Após um ano de 2024 com déficit de R$ 3,2 bilhões – metade do rombo das estatais no ano em questão – os Correios querem dar a volta por cima e mira novas fontes de receita para modernizar a empresa e fechar já em 2025 no azul.

Em entrevista ao Dinheiro Entrevista, Fabiano Silva dos Santos, presidente dos Correios, atribui a crise financeira da estatal ao “sucateamento” promovido pelos governos anteriores, lista os projetos em discussão para os Correios atuar em novas frentes e ser menos dependente das encomendas das varejistas estrangeiras e fala também em ‘fazer o dever de casa’ e cortar gastos.
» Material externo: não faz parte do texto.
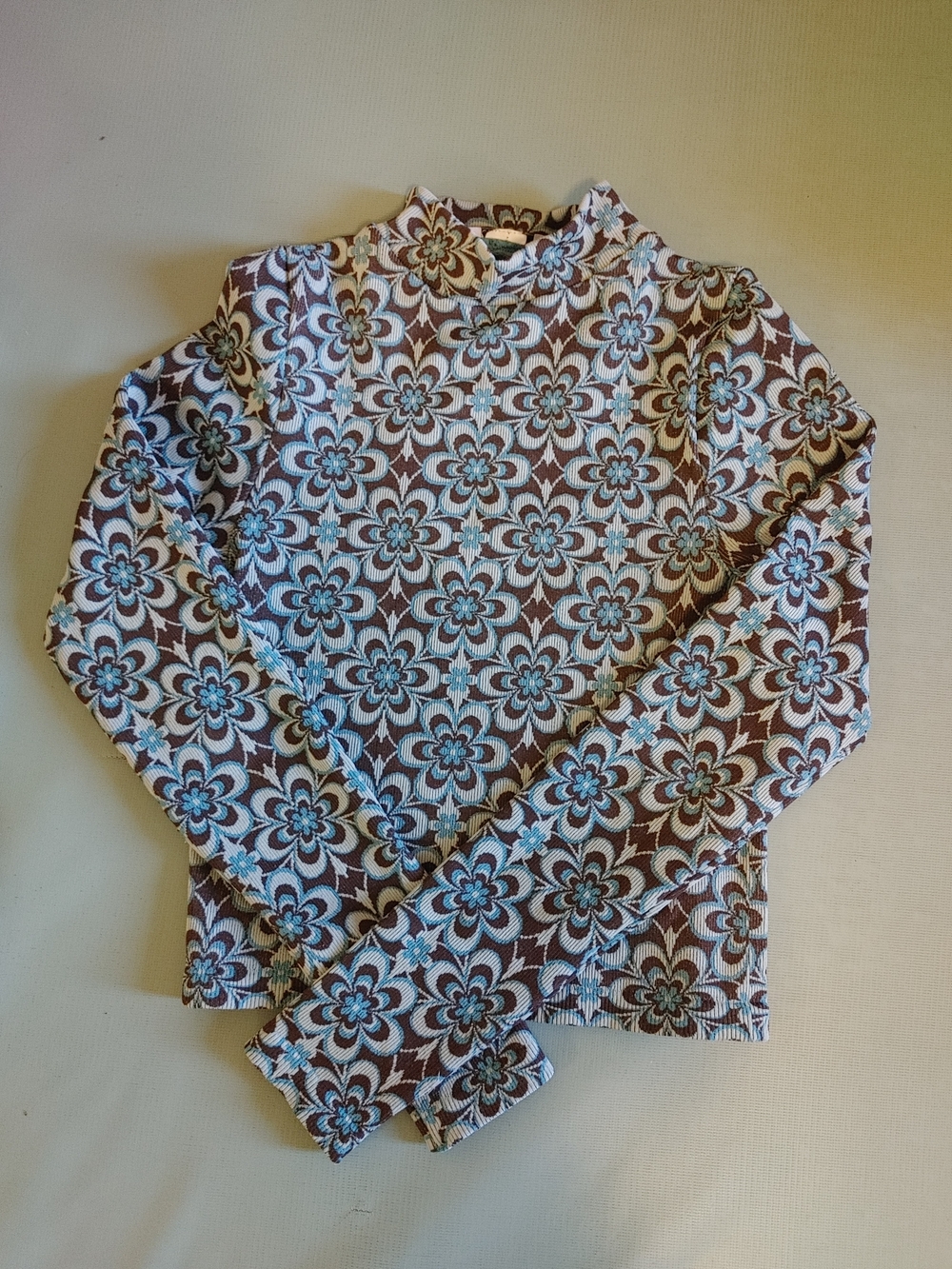 Stradivarius Geometric Floral Knit Top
No âmbito dos cortes de gastos, Santos não especificou cifras nem acenou para cortes mais intensos, mas citou vendas de agências pouco utilizadas mas com grande valor e otimização de custos de processos internos.

+Rombo bilionário dos Correios representa 50% do déficit de estatais em 2024

“Estamos apostando que a empresa terá uma retomada grande. Essa apresentação de novos produtos, de novas fontes de receita, será algo muito importante. Falo do segmento de conectividade, de celular, de markeplace, banco digital ou meios de pagamento, que iremos implementar neste ano. Os estudos estão avançados nesse sentido”, afirma o presidente dos Correios.

A empresa já anunciou que pretende lançar seu próprio marketplace ainda no primeiro semestre de 2025. Segundo o executivo, os produtos anunciados na plataforma de comércio eletrônico dos Correios terão entregas feitas exclusivamente pela estatal. Com isso, os Correios serão remunerados não com uma comissão nas vendas como também pela entrega.

Apesar da necessidade de encontrar novas fontes de receita para garantir o futuro dos Correios, Santos relata que o maior segmento dentro da estatal ‘vai seguir sendo o de encomendas, sem dúvida alguma’.

Como exemplo, cita que a empresa venceu uma licitação do Governo de São Paulo para fazer a logística de todos os insumos da rede pública de ensino, fazendo com que a empresa entregue todos os materiais nas delegacias de ensino do Estado de São Paulo.

A mudança vem após a Lei 14.744, – regulamentada via decreto em 2024, que estabelece que órgãos e entidades da administração pública federal devem dar preferência à contratação dos serviços dos Correios para atividades postais não exclusivas.

“Certamente o segmento de logística está crescendo muito, estamos apostando muito nisso. Nesse ano [2025] teremos recorde da participação dos Correios no segmento de logística, estamos com vários negócios em vias de serem fechados”, diz.

Risco de insolvência

Questionado sobre um risco de insolvência, Santos disse a preocupação, mas destaca que é esse é o grande desafio da sua gestão.

“Também não dá para olhar e falar, ‘olha, não tem risco’ [de insolvência]. Claro que tem. Mas os Correios precisam ser uma empresa sustentável, o nosso trabalho é esse, não é entregar déficit. Esse trabalho de reestruturação que por vezes é difícil, mas não tenho dúvida que nesse ano sairemos dessa situação e iremos entregar um ‘outro Correios'”, afirma.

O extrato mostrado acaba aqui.